Я аккуратно встал со стула, хотел отодвинуть его в сторону, но посмотрел на руки, мои руки, но будто бы не мои одновременно – это напугало меня еще сильнее. Я чувствовал себя расщепленным: смотрел на все изнутри своего тела, но в то же время видел себя как бы со стороны, как чужого человека. Я посмотрел на Ваню – его изменившееся лицо ужасало больше всего остального, я ощутил странную неприязнь к нему, какая бывает в кошмарах: иногда во снах близкий человек кажется опасным, не собой, а злым близнецом или подмененным, источающим угрозу и смерть. Вот так я ощутил Ваню.

Пятясь, я вышел из палаты и очутился в больничном коридоре: темном, мрачном, с неисправными мигающими софитами. «Ничего не мигает, тебе все это кажется, успокойся», – повторяла рациональная часть моего разума, но весь остальной я трясся в панике; у меня так сильно дрожали ноги, что я не мог на них идти и поэтому сел на пол прямо в коридоре. Прижал колени к груди, думая, что чем сильнее буду сжимать их, тем меньше они будут дрожать, но это не помогало.

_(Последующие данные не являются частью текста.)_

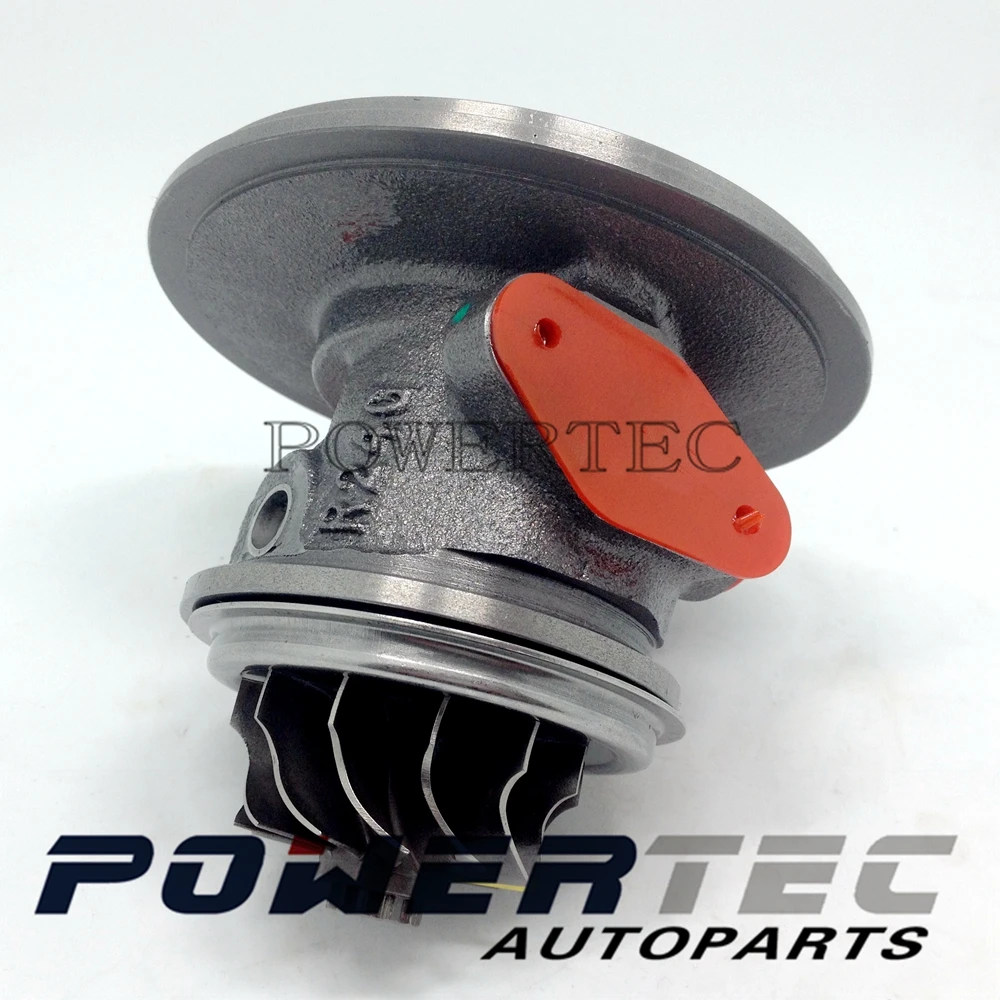 Картридж с турбонаддувом RHB5 turbo chra VB180027 8970385180 97086343 картридж для Isuzu Trooper 2 8 TD P756 TC 85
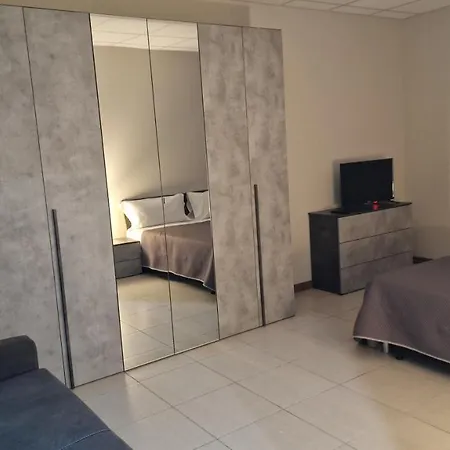 Frank's House * 维泰博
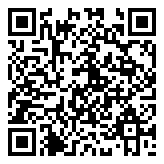 QR 2D D78FNPA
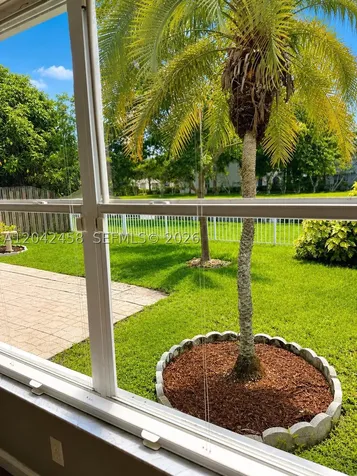 10750 NW 10th Street Plantation FL 33322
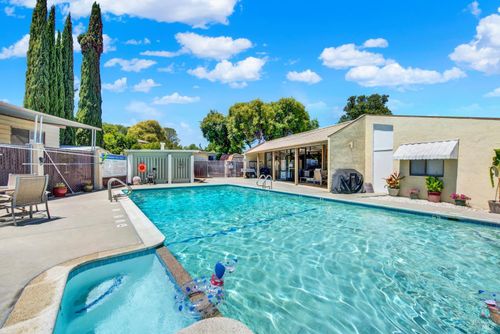 63 Goya Drive, Fairfield, CA, 94534 | Card Image
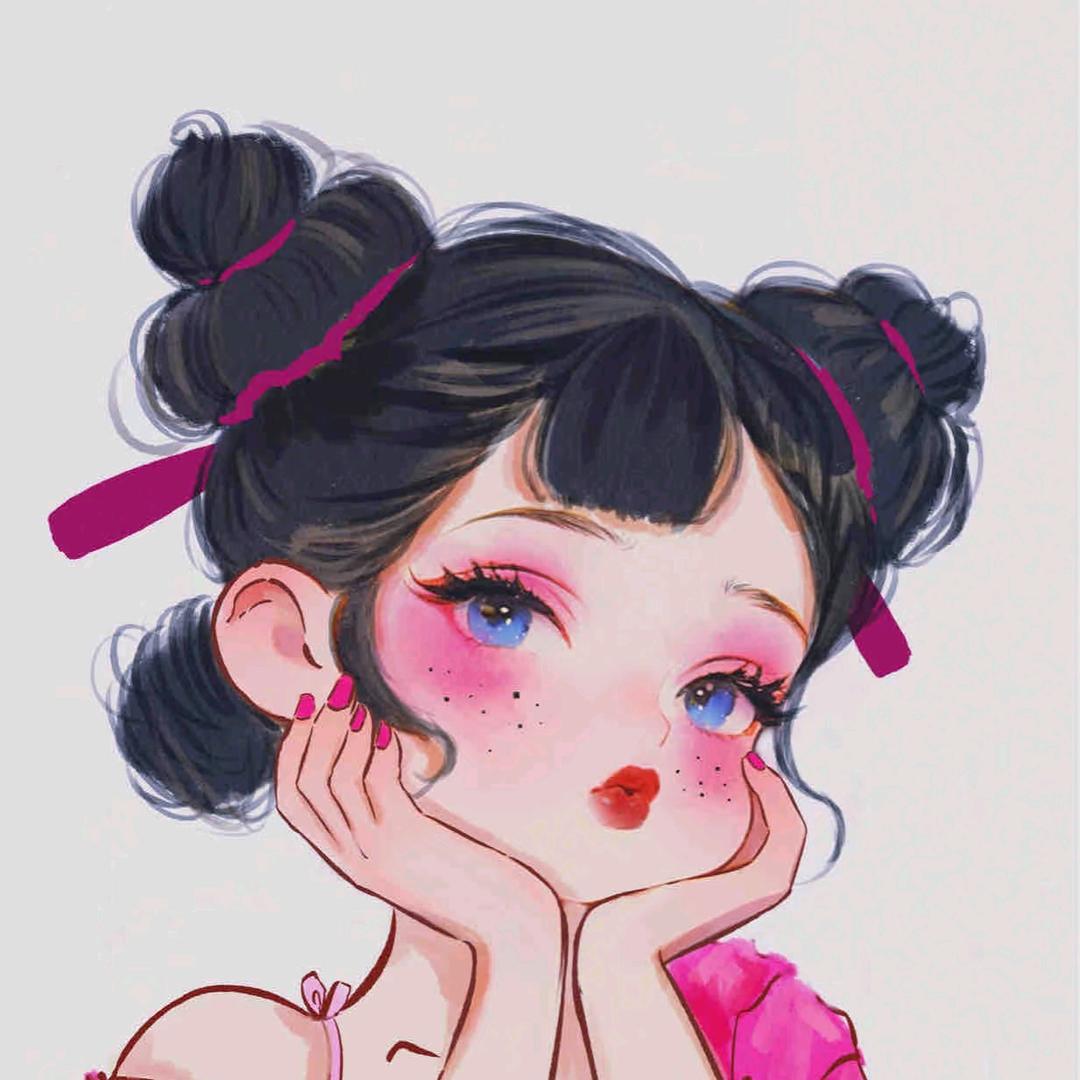 berᵈʲˢᶜ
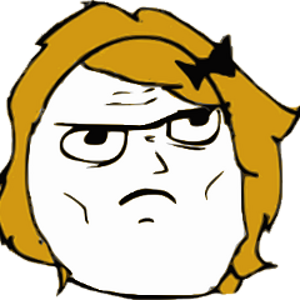 blonde_determined.png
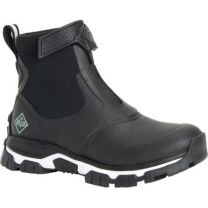 Muck Boot The Original Company, Women's Apex Mid Zip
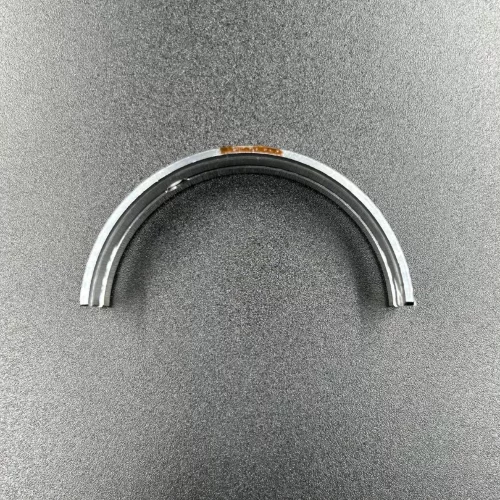 Вкладыш коренной Honda BF60-90 (Brown) (13323-PWA-003) (Honda)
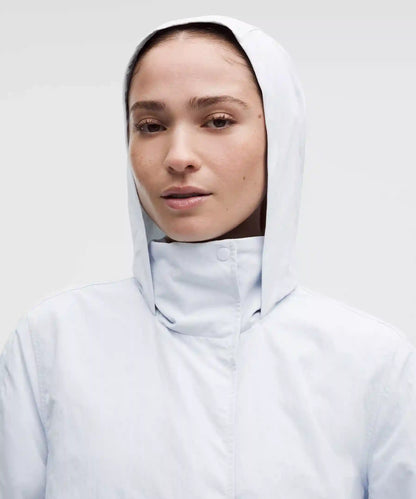 Always Effortless Classic-Fit Jacket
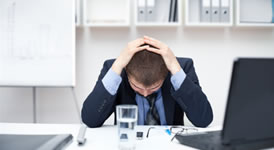 bedrijfsreorganisatie en schuldsanering bedrijfsreorganisatie_en_schuldsanering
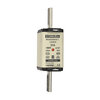 NH2GG50V35-1 PHP-L223018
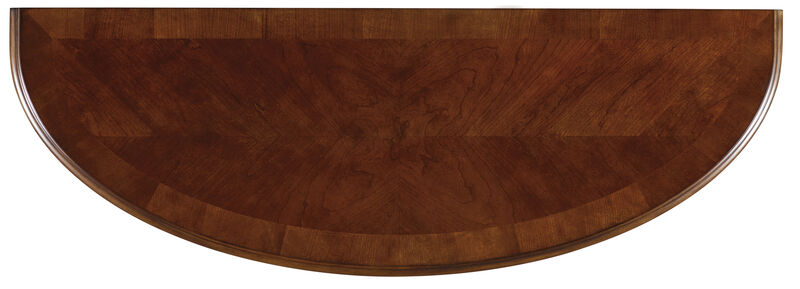Brookhaven Console Table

Меня заметила медсестра – с огромным шприцем в руках, в окровавленном халате, с клыками, которые она прятала под маской, – она подошла ко мне и демоническим голосом спросила:

– Вы в порядке?

Когда она присела рядом со мной, я увидел, что никакая она не окровавленная и без клыков – самая обыкновенная, а все остальное я придумал. Мне нужно было разобраться, сколько прошло времени, но спросить, какой сейчас год, я не решился даже в таком бредовом состоянии.

– Давно мой брат в коме? – спросил я.

– Что? – переспросила она.

– Давно мой брат в коме? – повторил я.

А она опять:

– Что?

Я понял, что спрашиваю на русском языке, и, что еще хуже, я забыл английский. Как я не старался сформулировать такой простой вопрос на английском – у меня ничего не получалось, я забыл все слова, даже слово «брат».

Она куда-то отошла, и, пока ее не было, меня сжирала темнота коридора – подбиралась ко мне, как чудовище, и поглощала мое тело. Потом среди этой темноты снова возникла медсестра со стаканом воды.

– Попейте. – Она протянула его мне. – Я позвонила вашему отцу, он за вами приедет.